I really enjoyed the tofu. I was excited to learn how to make it crispy on the outside like it is in restaurant dishes. I didn’t cook the rice noodles to cut down on the carbs, but I didn’t miss them at all. (Note the skeleton hand salad tongs…my dollar store find last year that I use whenever possible!)
This recipe included a small loaf of bread which, unfortunately, grew mold before I was able to cook it. So I substituted a slice of my organic bread so I could take advantage of the garlic aioli – which was yummy! The “scallops” were actually king mushrooms. No, they did not taste like real scallops, but they were tasty. The real star of this dish was the garlic aioli. It was so good that I ate it all in one serving – don’t tell!
I forgot to photograph the meals from the second box, but I will say that in that box I found my favorite recipe of all – Quinoa Burgers. The recipe card is shown below. The star of this recipe is the ranch dressing – but I must admit I fluffed it up a bit with standard mayonnaise (non-vegan) and some extra ranch dressing spice mix.
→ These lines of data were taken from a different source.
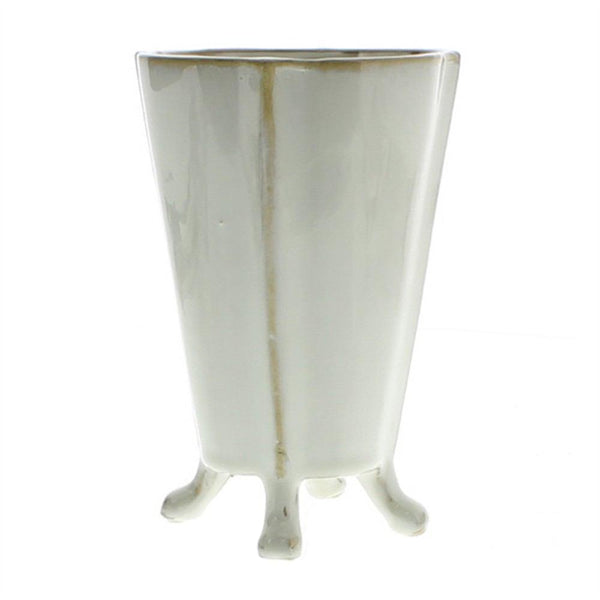 HomArt Rue Footed Ceramic Vase - Fancy White - Set of 8 - Feature Image-2
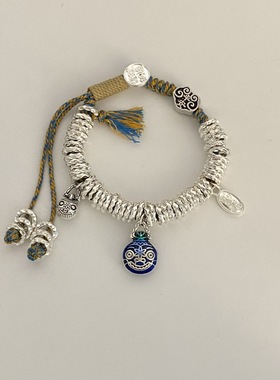 吞金兽盘缠编织手链小众设计感气质个性时尚精致复古百搭手链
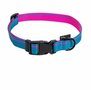 Halsband hond blauw roze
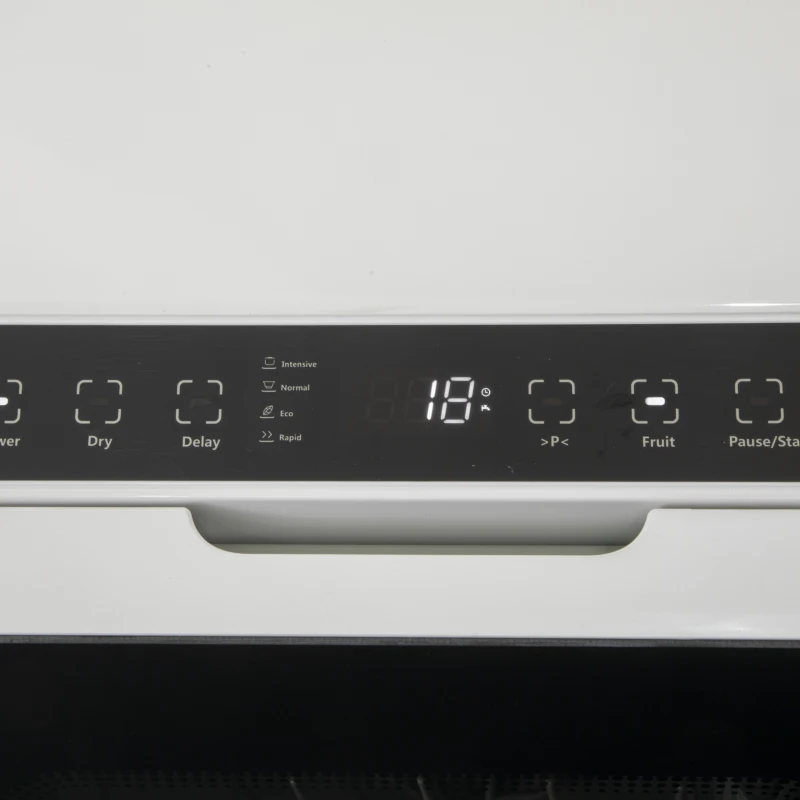 HOMCOM Six-Programme Countertop Dishwasher - White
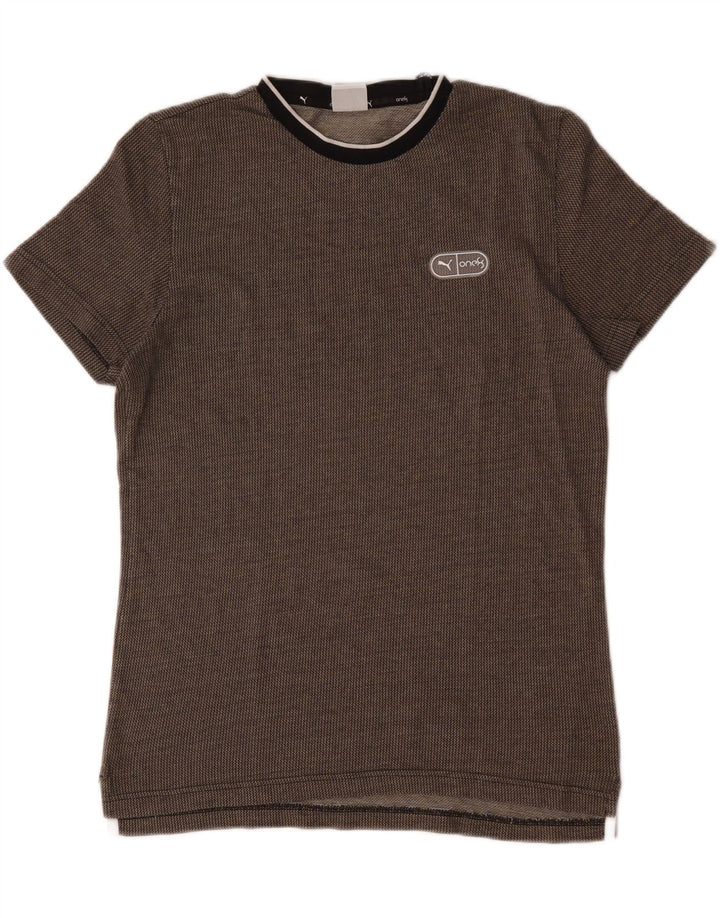 Puma T-Shirt Homme Marron Moyen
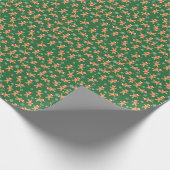 Niedliches Weihnachtsgebäck Männer Schneeflocken Geschenkpapier (Ecke)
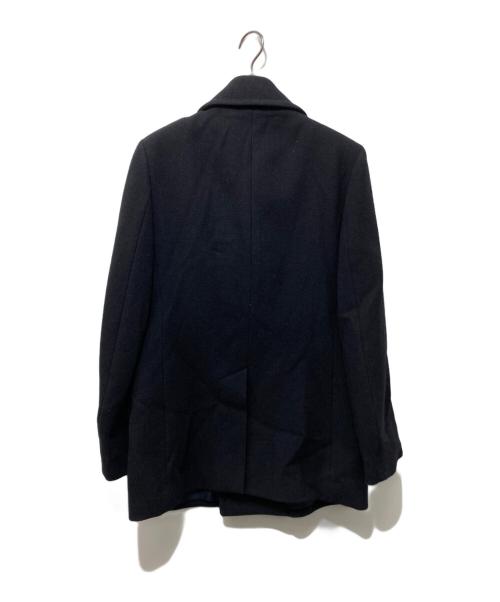 MIU MIU（ミュウミュウ）MIU MIU (ミュウミュウ) Pコート ブラック サイズ:SIZE 46の古着・服飾アイテム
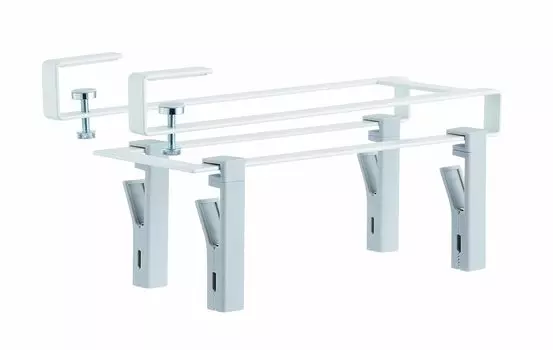 Yamazaki Jitsugyo 5485 вращающийся зажим для 4 x D28 x легко вращающийся на 360 держатель для ткани под медью, ряды, белый, прибл.. Ш11,7 В14,5 см (Включая белый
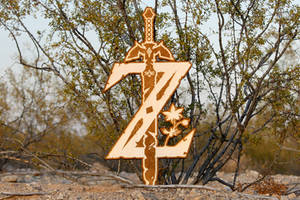 Breath of the Wild 'Z' Logo - Laser Etch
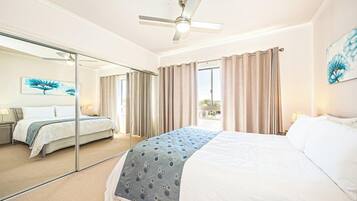 1 غرفة نوم وأغطية فراش متميزة وطراز فريد لكل وحدة ومكتب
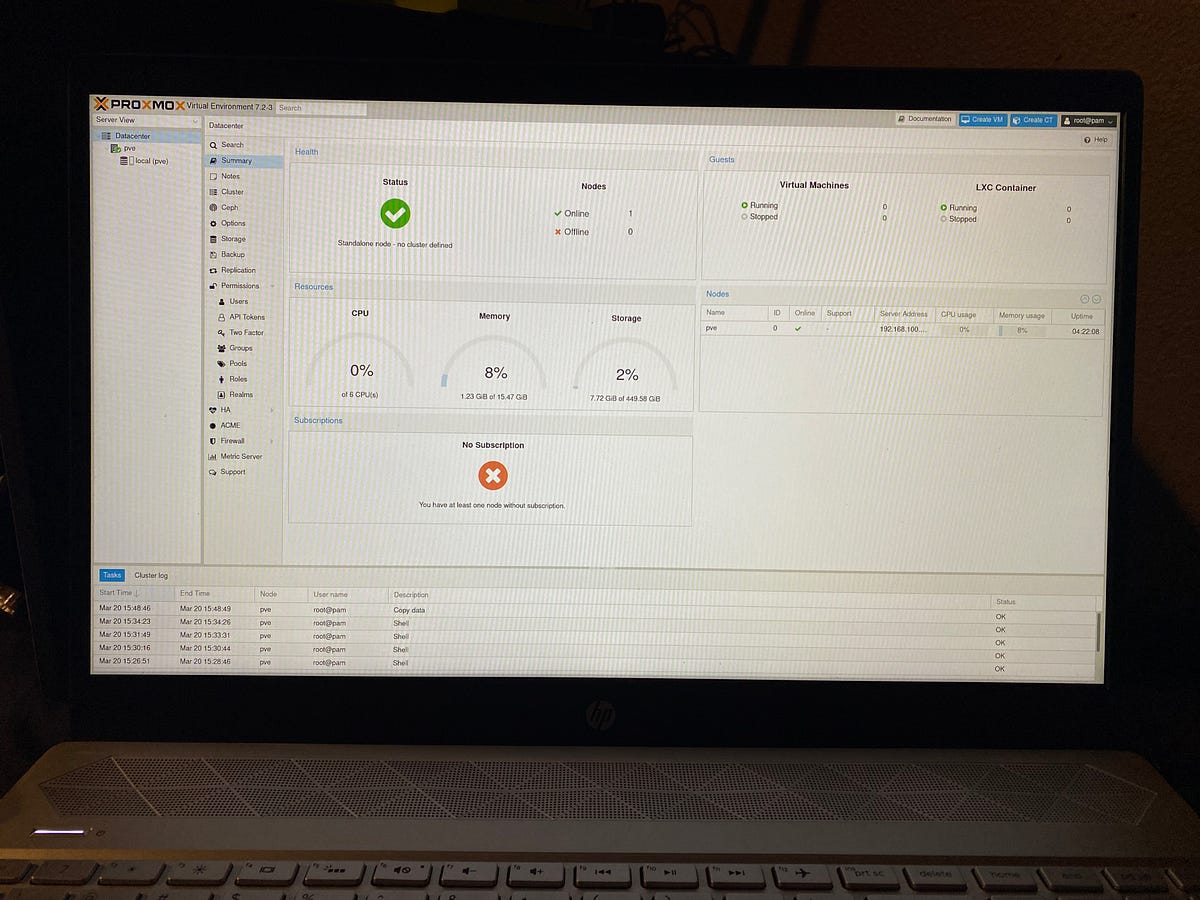 Building my first homelab with Proxmox! | by Christian Young | Medium
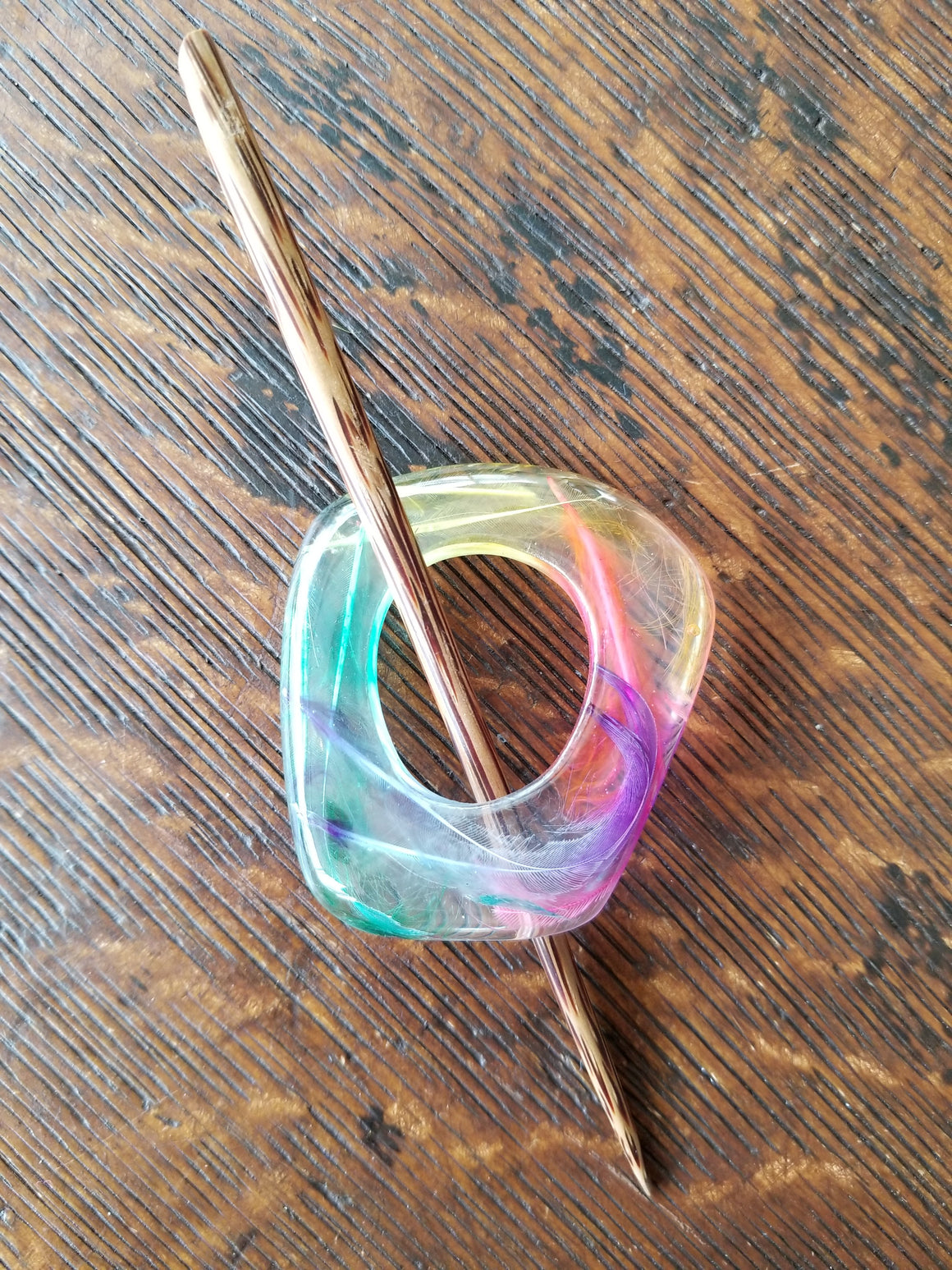 Paradise Rainbow Shawl Pin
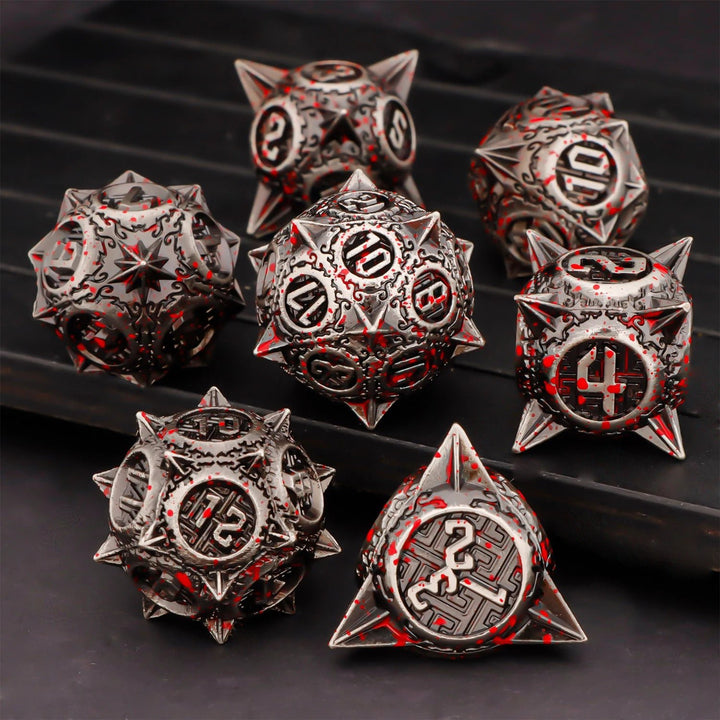 DND Metal Dice Set Dungeon and Dragon Suitable for Smooth Rolling in RPG and Table Games - Madee's Boutique Madee's Boutique DS DK08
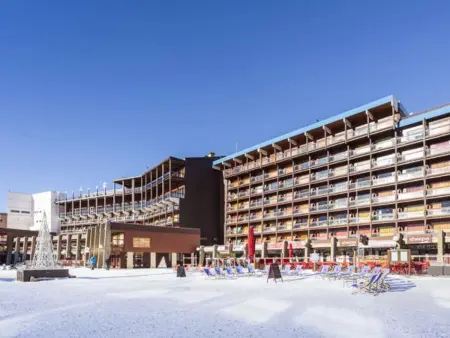 Studio 28m² ski aux pieds, balcon sud vue pistes : photo 10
After making this recipe, I believe the secret to really good ranch dressing is pickle juice. The burger itself was also very good – much better than most veggie burgers I’ve had. I also liked that the burger “bun” was half a pita. I kept the recipe card for this one. I will definitely make it again on my own!
I was excited about this plan because it is vegan. While I do eat some meat, I prefer vegetarian or vegan meals. I just feel better when I eat at least vegetarian. Unfortunately, for me Purple Carrot was not a great fit for two reasons: first, many of the meals were very high carb – some over 100 grams per serving. I eat a low carb diet, so this is no good. Second, there are no options to select a different meal if you don’t like one or more of the three meals that are planned for the week.
There were a couple hiccups with food quality. The bread for the “Scallop” Cioppini – as I mentioned – molded quickly. The celery for one of the recipes was molded on both ends (I ended up not using it because I’m not a fan of celery), and the green onions were a little wilty coming out of the box. I used my own from my garden.
I’m also not crazy about having to dispose of a large box every week. We’re talking external box, Insulation inside the box and several ice packs.